Vérifier la pratique religieuse des autres devient d’ailleurs même un défi : parmi les micros-trottoirs prisés de la plateforme, une variante est même proposée aux personnes de confession musulmane. Contre une somme d’argent mise en jeu, les personnes interrogées doivent « rompre leur jeûne » devant la caméra. « Si maintenant tout de suite je te donne 10 euros, est-ce que tu coupes ton Ramadan ? » demande un influenceur lyonnais à un adolescent. Au fur et à mesure de ses refus, l’influenceur augmente les enchères jusqu’à atteindre la somme de 100 euros : « L’argent c’est éphémère, la religion non », maintient l’adolescent, qui se voit finalement octroyer la somme de 20 euros pour ne pas avoir cédé à la tentation.
Vlog Ramadan
Et une autre déclinaison séduit les utilisateurs qui pratiquent ou non le jeûne religieux: les « vlogs Ramadan ». À l’instar de la célèbre Lena Situations, influenceuse française connue pour raconter ses journées dans des « vlogs », à savoir des vidéos de récits quotidiens, ceux qui pratiquent le Ramadan se mettent aussi à filmer leur routine de la journée, du lever avant l’aube au repas après le coucher du soleil.

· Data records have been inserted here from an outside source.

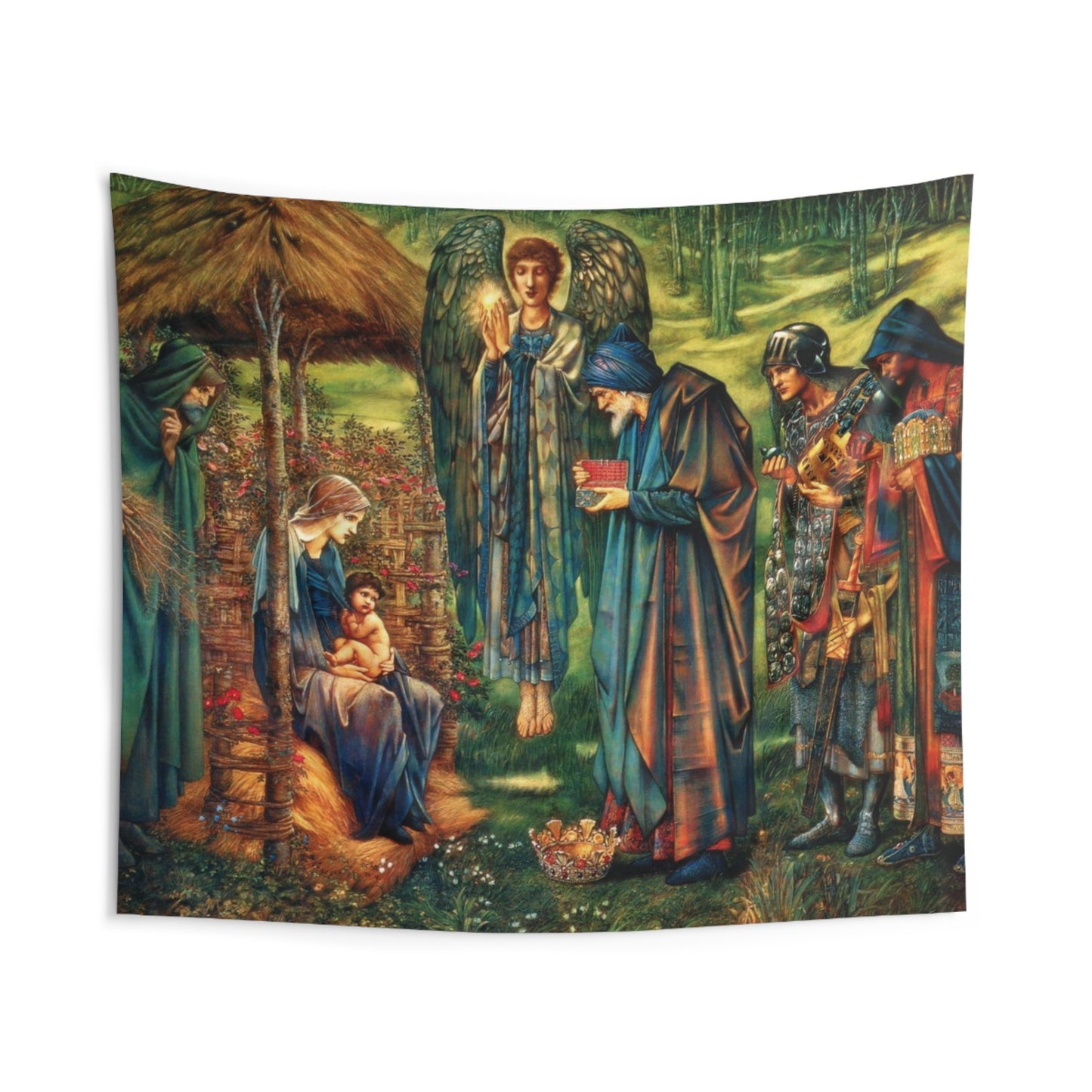 The Star of Bethlehem by Edward Burne-Jones 1890 Water Color Painting Tapestry Catholic Christian Orthodox Icon Bible Scripture Christ Gift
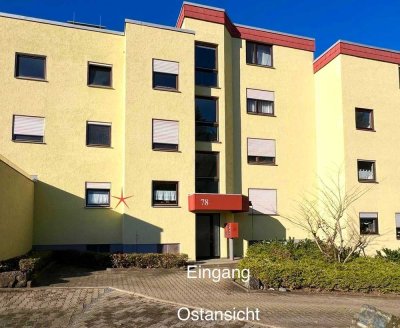 Sehr gepflegte 2,5-Zimmer-Wohnung in Top-Lage mit Terrasse, Garten,Garage in Ro...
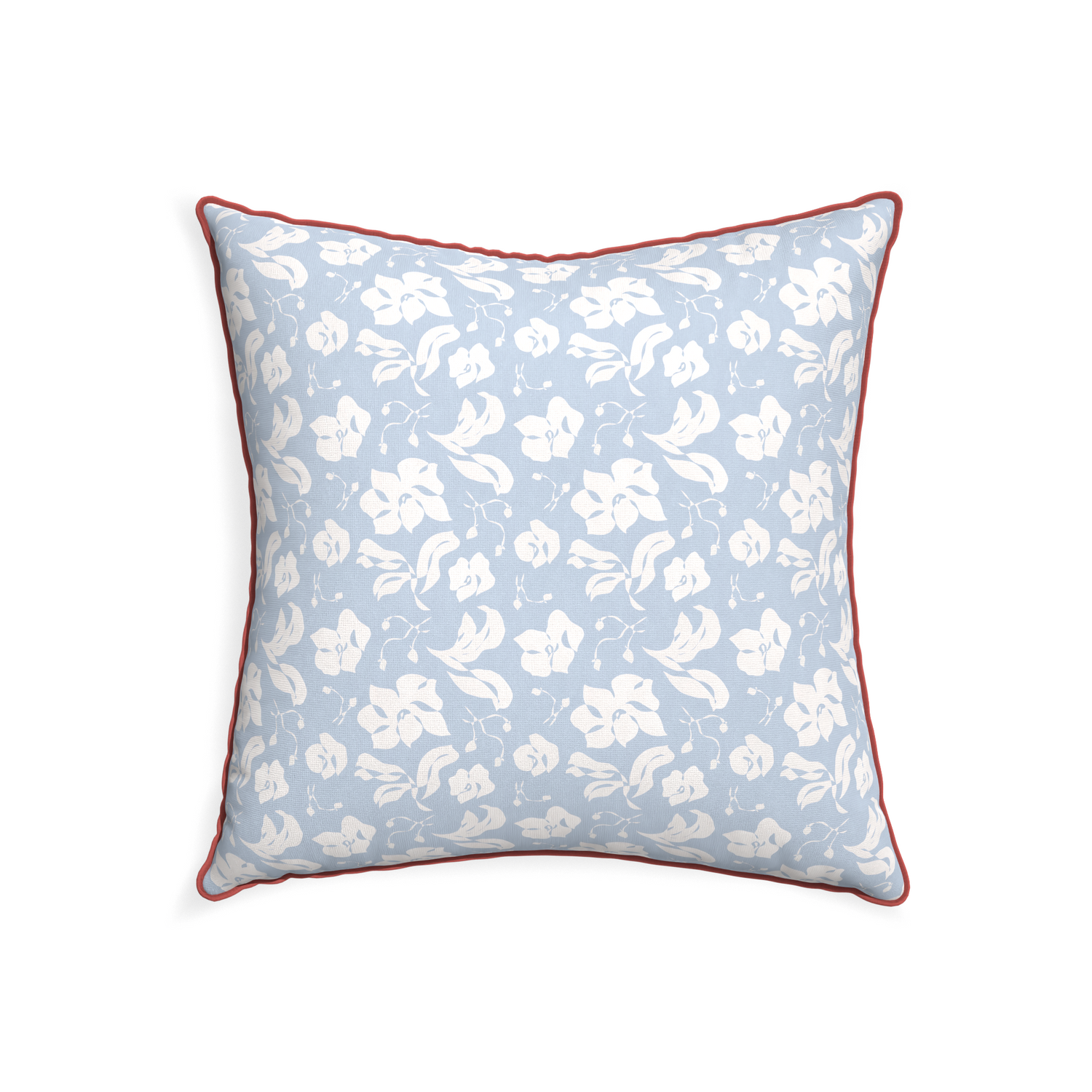 22-square georgia custom pillow with c piping on white background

Parmi les contenus, celui de l’influenceuse Syrine se démarque, puisque cette dernière reprend les codes d’autres créatrices de contenus pour les décliner sur son quotidien de pratiquante.
Vêtue d’une abaya (tenue traditionnelle qui masque l’entièreté du corps excepté le visage), Syrine filme toute sa journée sur Snapchat et TikTok, de sa chambre à sa préparation pour les cours et propose même une déclinaison « mode » : « Coucou tout le monde, avec l’approche de l’Aïd je reçois beaucoup de messages pour me dire : « Syrine est-ce que tu aurais des idées d’outfit (tenues) pour l’Aïd » ? Je suis là pour ça », se filme la lycéenne, qui propose à ses abonnées différents types d’abaya et de voiles.
Et son contenu fait même des envieuses : « Jveux porter le voile… » lui écrivent des adolescentes admiratives sous ses vidéos ; « Fonce ! » leur conseille-t-elle, visiblement fière de son influence.